“Just because I fantasise / Doesn’t mean it’s wrong”
- FKA twigs, Two Weeks
Fantasies can feel like confessions. We tend to treat them as indulgent, embarrassing or somehow other - even when they shape how we experience pleasure and intimacy.
And when you're someone who cares deeply about autonomy, equality and the politics of sex, fantasies can feel even more complicated. What if your desires don’t align with your values? What if what turns you on isn’t what you’d proudly say out loud?
This is where feminism and fantasy meet: not in clean answers but in questions that deserve more space.
Desire isn’t always ideological
Feminism asks us to critique power. To question norms. To look at the systems we live within and how they shape everything from wages to relationships.
But desire doesn’t always respond to critique. It doesn't unfold in neat, conscious lines. You might understand the politics of desire and still feel caught off guard by what turns you on.
Fantasies are shaped by culture but they’re also a place where we play with it. Where we rewrite or repurpose it, or just let go of needing to explain ourselves for once.
Audre Lorde, in her seminal essay Uses of the Erotic, wrote that the erotic is “a source of power and information.” That in listening to our desires rather than judging or suppressing them, we open up new pathways to self-knowing. The erotic becomes less about performance and more about what feels true, even when that truth is hard to name.

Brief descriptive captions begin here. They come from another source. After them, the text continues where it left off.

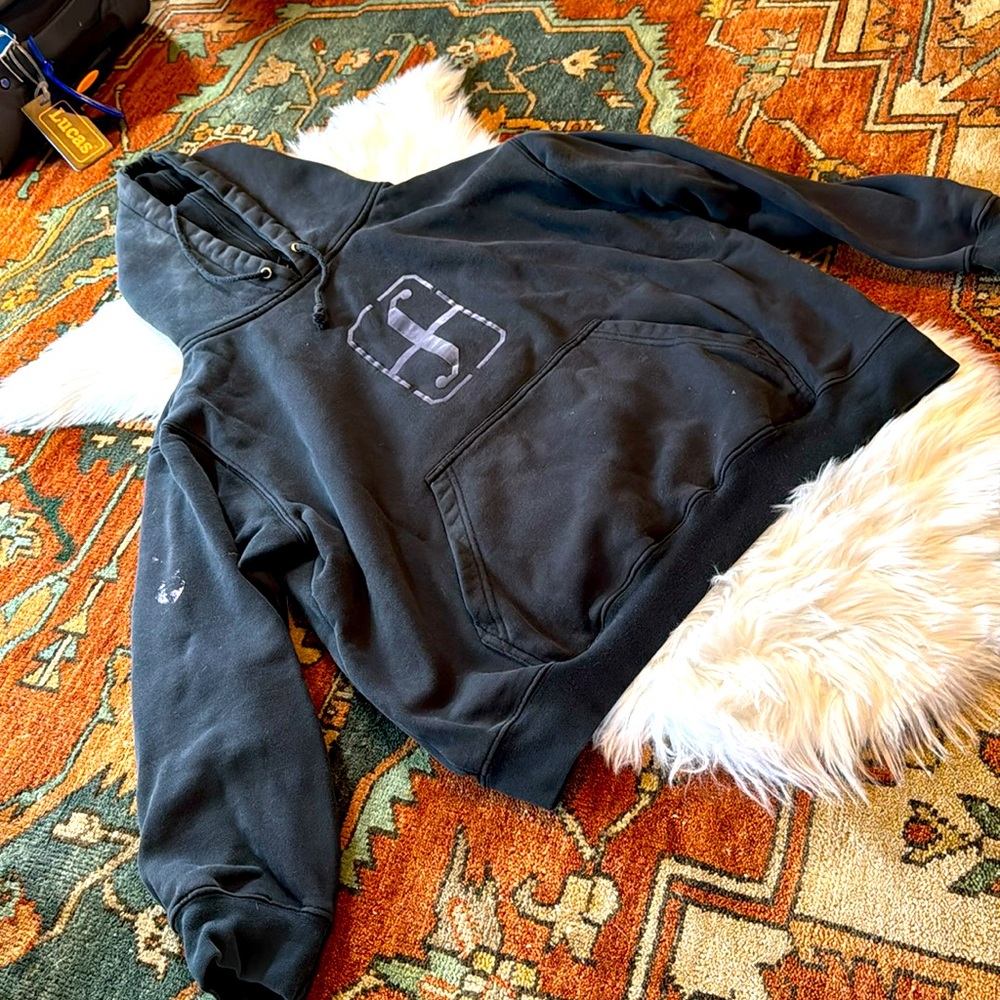 Black sweatshirt
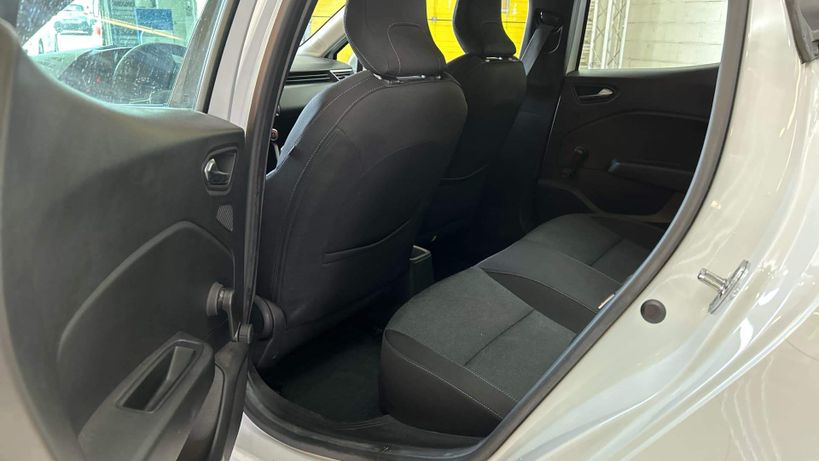 RENAULT CLIO V 2021 - Photo n°12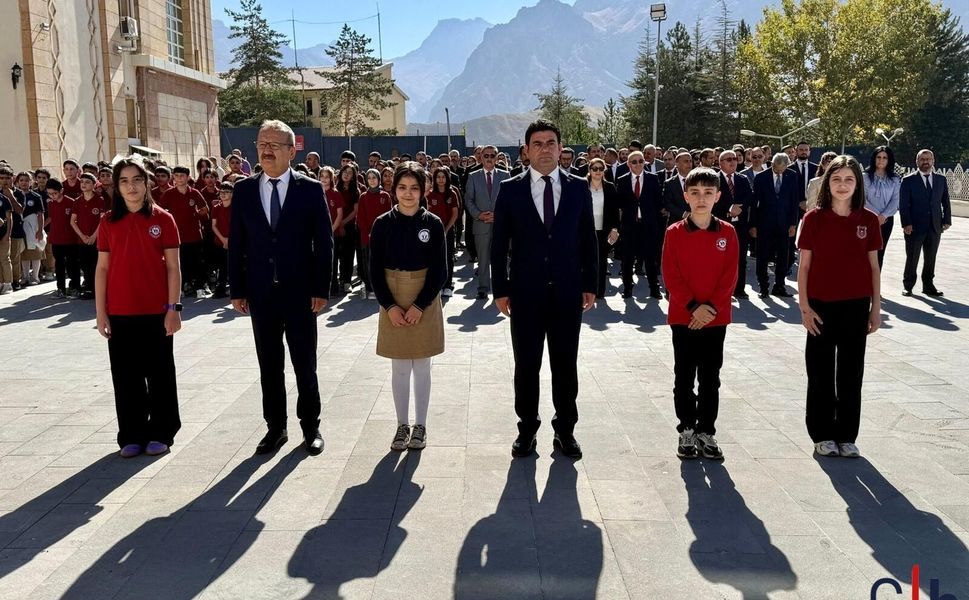 Hakkâri’de Ders Zili Çaldı: Yeni Eğitim Yılı Coşkuyla Başladı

And that includes the messy parts.
The contradictions are part of it
You can be empowered and still crave surrender. You can be a feminist and fantasise about being dominated. You can reject objectification and still enjoy being watched. These aren’t contradictions to be ashamed of; they’re expressions of a full, complex self.
Culturally, this tension is everywhere and often misunderstood.
In Normal People, Sally Rooney wrote a powerfully subtle dynamic between Marianne and Connell that touches on submission, class and emotional vulnerability - not as something shameful but as a language of intimacy. In Beyoncé’s Partition, we see performance, sexuality and agency blur into something seductive and self-owned. And in shows like I May Destroy You, we’re confronted with the fine lines between consent, fantasy and trauma with honesty, not judgement.
These stories resonate because they don’t offer tidy resolutions. They let us sit in the complexity and recognise ourselves within it.
Reclaiming the erotic
So what makes a fantasy feminist?
What matters might be your relationship to the fantasy - whether it feels chosen and whether you can meet it without shame.
In a world that so often commodifies women’s pleasure, reclaiming fantasy can be radical. Not because the content is always subversive but because the agency is. Wanting something - consciously, unapologetically - is powerful. Especially when that wanting has historically been policed, pathologised or erased.
This doesn’t mean every fantasy is empowering. Some might come from pain, from conditioning, from places we don’t fully understand yet. But giving ourselves permission to explore why something turns us on rather than silencing or moralising it is a form of self-respect.
Fantasy isn’t the problem. Silence is.
We don’t need to agree on what desire should look like. But we do need more space to talk about it honestly, especially the parts that feel confusing or contradictory.
Feminism doesn’t mean we have to clean up our erotic lives to make them socially palatable. It means we get to explore them more consciously. Not with judgement, but with a willingness to listen and stay open to what unfolds.
Fantasy isn’t a flaw in your politics. It’s an invitation to understand yourself more deeply.
And that, just like pleasure, is worth taking seriously.